*The data*:
↓↓↓

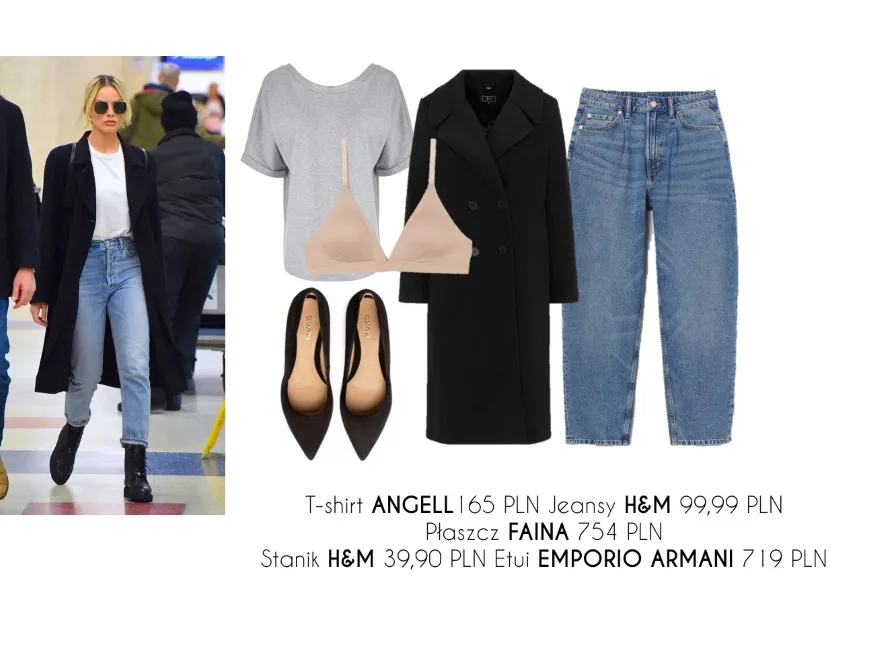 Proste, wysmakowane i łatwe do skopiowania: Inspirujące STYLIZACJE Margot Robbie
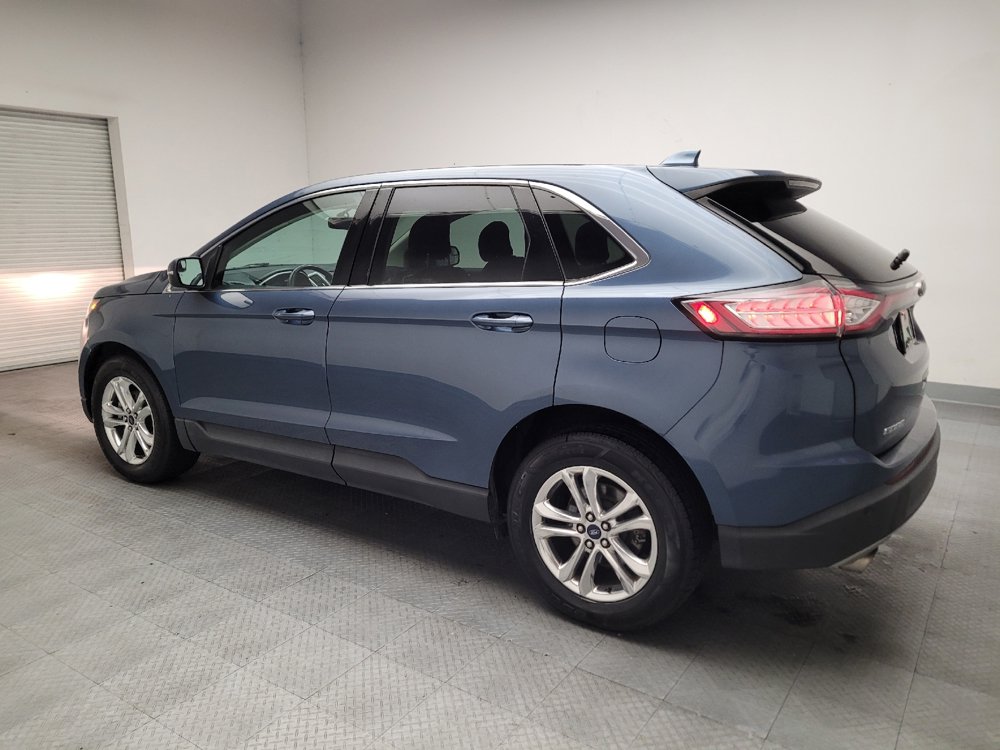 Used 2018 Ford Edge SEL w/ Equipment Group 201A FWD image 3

↑↑↑
↓↓↓

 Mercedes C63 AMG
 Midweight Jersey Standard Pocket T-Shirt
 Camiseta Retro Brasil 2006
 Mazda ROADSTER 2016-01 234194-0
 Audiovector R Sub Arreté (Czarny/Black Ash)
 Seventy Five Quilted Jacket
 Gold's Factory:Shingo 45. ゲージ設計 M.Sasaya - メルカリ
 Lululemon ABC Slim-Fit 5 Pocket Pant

↑↑↑

In the records above, find the line with "Proste, wysmakowane i" and the line with "Used 2018 Ford"; please transcribe exactly those two lines and all lines between them, omitting any picture.

 Proste, wysmakowane i łatwe do skopiowania: Inspirujące STYLIZACJE Margot Robbie
 Used 2018 Ford Edge SEL w/ Equipment Group 201A FWD image 3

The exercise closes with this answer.